Sampling-Priors-Augmented Deep Unfolding Network for Robust Video Compressive Sensing

Yuhao Huang,Gangrong Qu,Youran Ge
2023-07-14
Abstract:Video Compressed Sensing (VCS) aims to reconstruct multiple frames from one single captured measurement, thus achieving high-speed scene recording with a low-frame-rate sensor. Although there have been impressive advances in VCS recently, those state-of-the-art (SOTA) methods also significantly increase model complexity and suffer from poor generality and robustness, which means that those networks need to be retrained to accommodate the new system. Such limitations hinder the real-time imaging and practical deployment of models. In this work, we propose a Sampling-Priors-Augmented Deep Unfolding Network (SPA-DUN) for efficient and robust VCS reconstruction. Under the optimization-inspired deep unfolding framework, a lightweight and efficient U-net is exploited to downsize the model while improving overall performance. Moreover, the prior knowledge from the sampling model is utilized to dynamically modulate the network features to enable single SPA-DUN to handle arbitrary sampling settings, augmenting interpretability and generality. Extensive experiments on both simulation and real datasets demonstrate that SPA-DUN is not only applicable for various sampling settings with one single model but also achieves SOTA performance with incredible efficiency.

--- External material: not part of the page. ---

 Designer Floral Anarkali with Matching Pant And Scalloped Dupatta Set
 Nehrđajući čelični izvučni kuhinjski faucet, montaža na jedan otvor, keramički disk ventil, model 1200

Computer Vision and Pattern Recognition,Image and Video Processing
What problem does this paper attempt to address?
This paper attempts to solve several key problems in video compressive sensing (VCS), which limit the effectiveness and universality of existing methods in practical applications. Specifically, the paper focuses on the following points: 1. **High complexity and low efficiency**: Although existing deep - network - based methods have improved in performance, their complex model structures lead to high training and inference costs, affecting the possibility of real - time imaging and practical deployment. 2. **Poor generalization ability and robustness**: Most existing deep - network methods need to be retrained for specific sampling settings to adapt to new system configurations. This not only increases the demand for storage space but also consumes a large amount of time cost. In addition, these models perform poorly when faced with unseen sampling settings. 3. **Lack of physical guidance**: Existing end - to - end (E2E) networks do not have clear physical guidance when learning the recovery mapping, which increases the learning difficulty of the model and makes its performance depend on carefully designed architectures. To solve the above problems, the paper proposes a **Sampling Prior - Augmented Deep Unfolding Network (SPA - DUN)** aiming to achieve efficient and robust video compressive sensing reconstruction. The main contributions include: - **Light - weight and efficient U - net**: By extracting the key components of advanced image - to - image networks, a more concise and effective U - net is designed as the backbone network, which significantly reduces the model complexity while increasing the network capacity. - **Sampling Prior - Augmented Learning (SPA - Learning)**: A sampling prior - augmented strategy is proposed at the training and architecture levels, enabling the network to be robust to unseen sampling settings without retraining. - **New benchmark performance**: A new state - of - the - art level is established in terms of reconstruction effect, model complexity, computational speed and generalization ability, promoting the application in practical VCS systems. Through these innovations, SPA - DUN not only performs well under multiple sampling settings, but also has obvious advantages in computational efficiency and model complexity, providing strong support for the practical application of video compressive sensing.